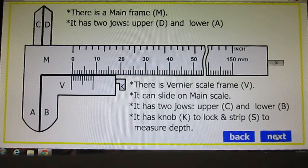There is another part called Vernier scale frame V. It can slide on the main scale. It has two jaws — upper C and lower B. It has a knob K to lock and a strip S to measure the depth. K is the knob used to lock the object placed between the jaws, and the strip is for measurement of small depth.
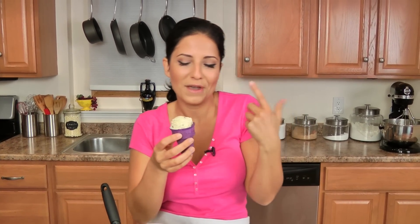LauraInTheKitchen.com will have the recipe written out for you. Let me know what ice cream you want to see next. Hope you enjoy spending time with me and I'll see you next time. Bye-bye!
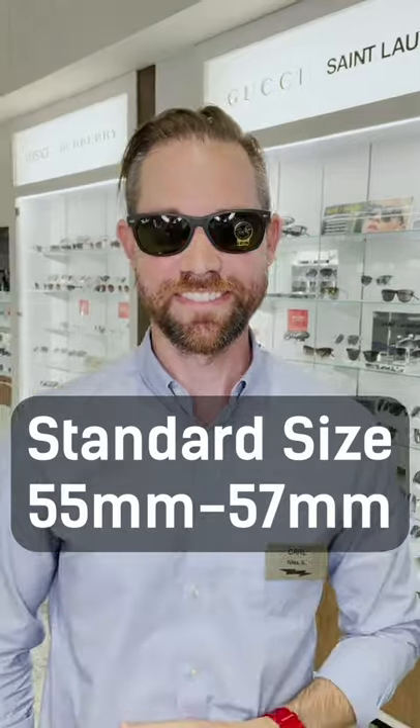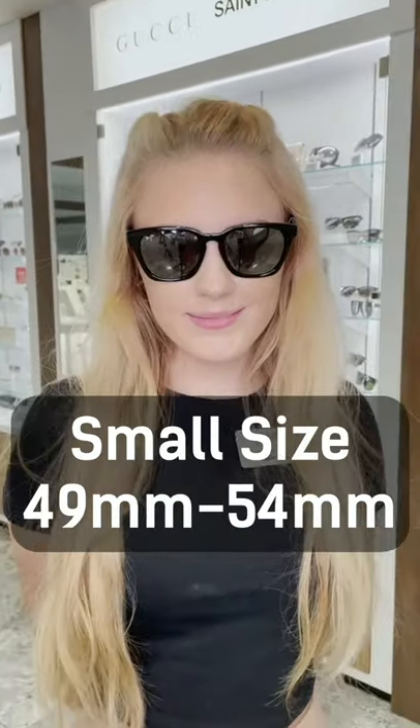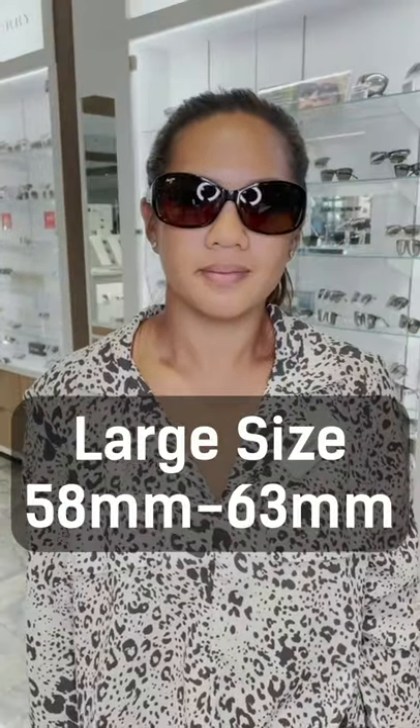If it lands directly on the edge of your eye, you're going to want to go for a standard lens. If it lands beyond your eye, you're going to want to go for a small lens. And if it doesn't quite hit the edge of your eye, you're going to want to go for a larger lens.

Work task ::
What is needed is a word-for-word copy of the data, minus its pictures.

Response to the task ::
There is another part called Vernier scale frame V. It can slide on the main scale. It has two jaws — upper C and lower B. It has a knob K to lock and a strip S to measure the depth. K is the knob used to lock the object placed between the jaws, and the strip is for measurement of small depth.
LauraInTheKitchen.com will have the recipe written out for you. Let me know what ice cream you want to see next. Hope you enjoy spending time with me and I'll see you next time. Bye-bye!
If it lands directly on the edge of your eye, you're going to want to go for a standard lens. If it lands beyond your eye, you're going to want to go for a small lens. And if it doesn't quite hit the edge of your eye, you're going to want to go for a larger lens.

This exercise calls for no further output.